There really wasn't very much disruption in the workflow given that the testing is done on-site and the test seems to be treated like another laboratory test that's done, which is really the ultimate goal of pharmacogenomics. We don't currently actually have clinical decision support built into our electronic health record, so the reason we could actually get this off the ground was because of the substantial collaboration between our physicians, pharmacists, and pathology lab.
But one of the things we learned through this experience, which is described in the paper, is that there are fluctuations in the use of the genetic testing to guide prescribing over time that we believe could be remedied by developing more automated clinical decision support, to help make things a little bit more efficient for the clinicians. But at the start of it, it was really just a will to do it, which was really exciting to observe.
Sony Tuteja: Absolutely. That's exciting that everybody was on board with this project. What do you think were the most challenging aspects of the implementation?
Craig Lee: That's a great question, and one that often comes up. I think that the education on the front end is really, really important. It needs to recur as the implementation spans over a period of time. For example, there's turnover in the interventional cardiology fellows every summer as well as occasional turnover of attending physicians and clinical pharmacy specialists. As individuals come and go into the clinical environment, it is important that they understand how the algorithm works, and how it can be applied in practice. And this is accomplished by recurring education and communication.
The other thing that's been a challenge is turnaround time. Even though our molecular pathology lab typically turns tests around within one day of a PCI procedure, if the test result isn't available or the antiplatelet therapy isn't changed in response to the genetic test before the patient is discharged from the hospital, we found that it can be challenging to followup on the result before the next encounter. Typically, if a change in medication needs to occur after discharge and prior to the first followup clinic visit, the communication piece has proven to be very important. It's not an insurmountable barrier, but one we observe that created one additional challenge. Other institutions around the country that are doing this have expressed similar things.
Sony Tuteja: You showed in your study that during the middle of the implementation there was a decline in testing. What do you think were the major reasons that led to decrease in testing?
Craig Lee: Yeah, that's a great question. We're not sure. We didn't collect information prospectively, and more specifically, we did not survey the physicians in terms of why they ordered the test.
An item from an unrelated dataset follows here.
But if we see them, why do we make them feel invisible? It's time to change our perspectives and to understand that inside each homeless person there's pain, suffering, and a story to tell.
But we believe, just based on anecdotal experience and talking about this with everyone, there was this big surge of momentum, with the initial implementation, and as the practice evolved there was just sort-of a settling of individuals in terms of, I think, the practice patterns.
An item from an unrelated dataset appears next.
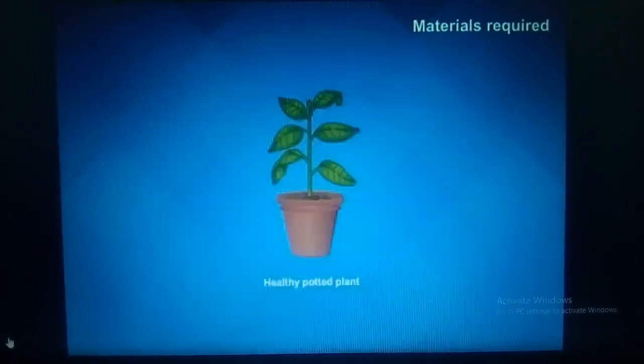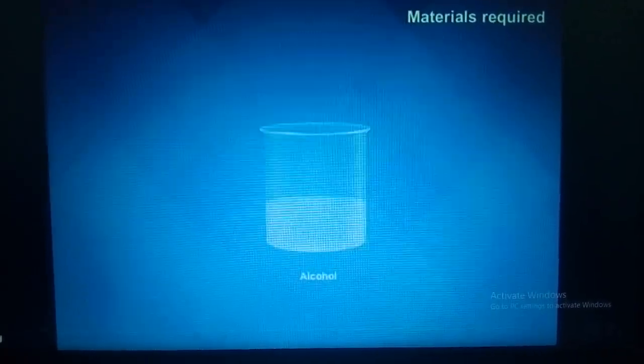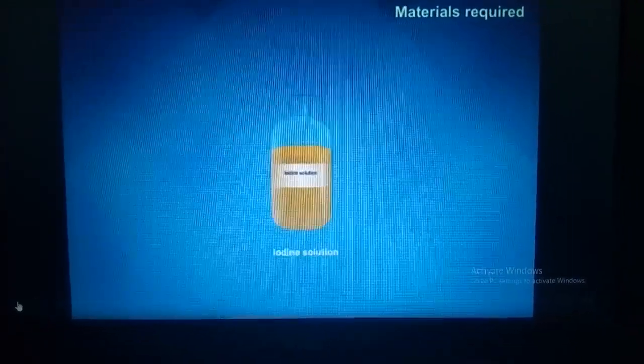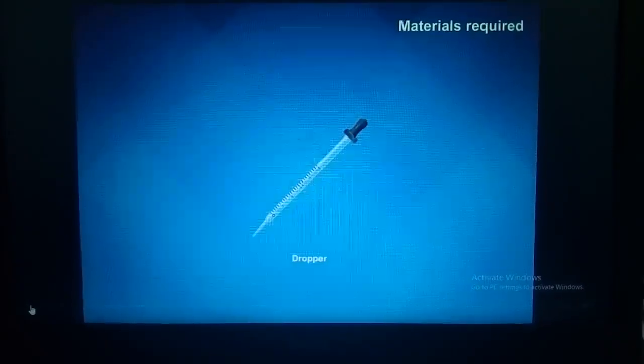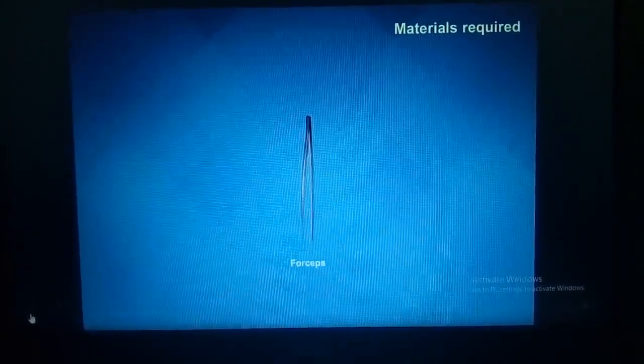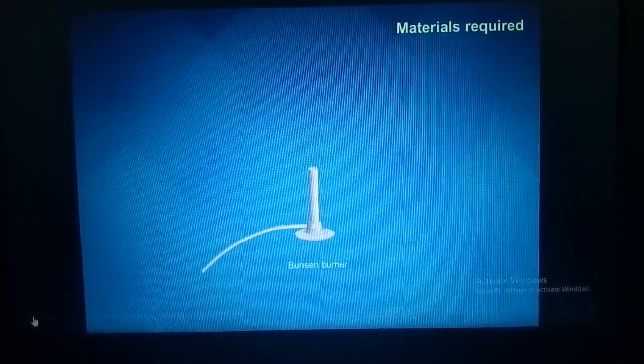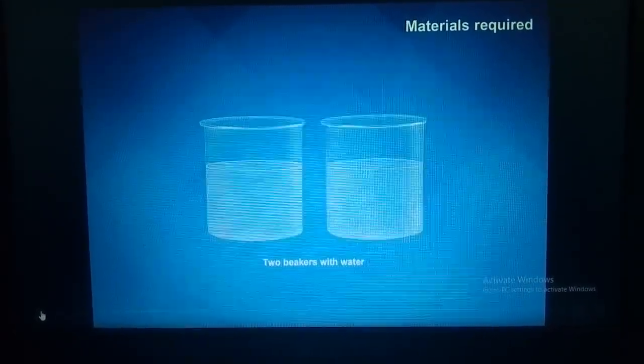Materials required: a healthy potted plant, alcohol, iodine solution, dropper, forceps, tripod stand with wire gauze, Bunsen burner, two beakers with water, watch glass, and a test tube.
Overall, the test was ordered and over 70% of PCI patients, an alternative therapy was prescribed and approximately 70% a loss of function allele carriers. These numbers exceeded 80% early on which was higher than we expected. They dropped down to about 60%, which is still a pretty high utilization rate when you compare to other institutions that have implemented. After some educational efforts, the testing rates and use of alternative therapy and loss of function allele carriers began to increase again over the last six months.
Sony Tuteja: Yeah I was just gonna ask, since the study is completed, have you taken any further steps to maintain the frequency of the testing at the high level that you initially started with?
Craig Lee: Yeah, so again recurring education has been really important particularly with interventional cardiology fellows, since they're the ones that really execute this in terms of ordering the tests and working with the clinical pharmacy specialists. And as I mentioned, we're in the process of developing clinical decision support to help make this a little bit easier on the prescribers. When a test result is available, we believe this will make it a little easier for the result to be more readily available for the clinical decision.
Sony Tuteja: Yeah I think the CDS tools will be key to have more compliance with the results in adherence to the test results. I'm just curious, who pays for the genotype tests at your center and are you billing for these tests?
Craig Lee: Yes. We're billing for these tests as part of routine clinical care.
Sony Tuteja: Great, and you've had good success with reimbursement?
Craig Lee: As far as we can tell, yes.
Sony Tuteja: That's great to hear. I think that will really incentivize other centers to pursue similar lines of testing. So what do you think are the broader implications for implementing genetically guided care for other drugs?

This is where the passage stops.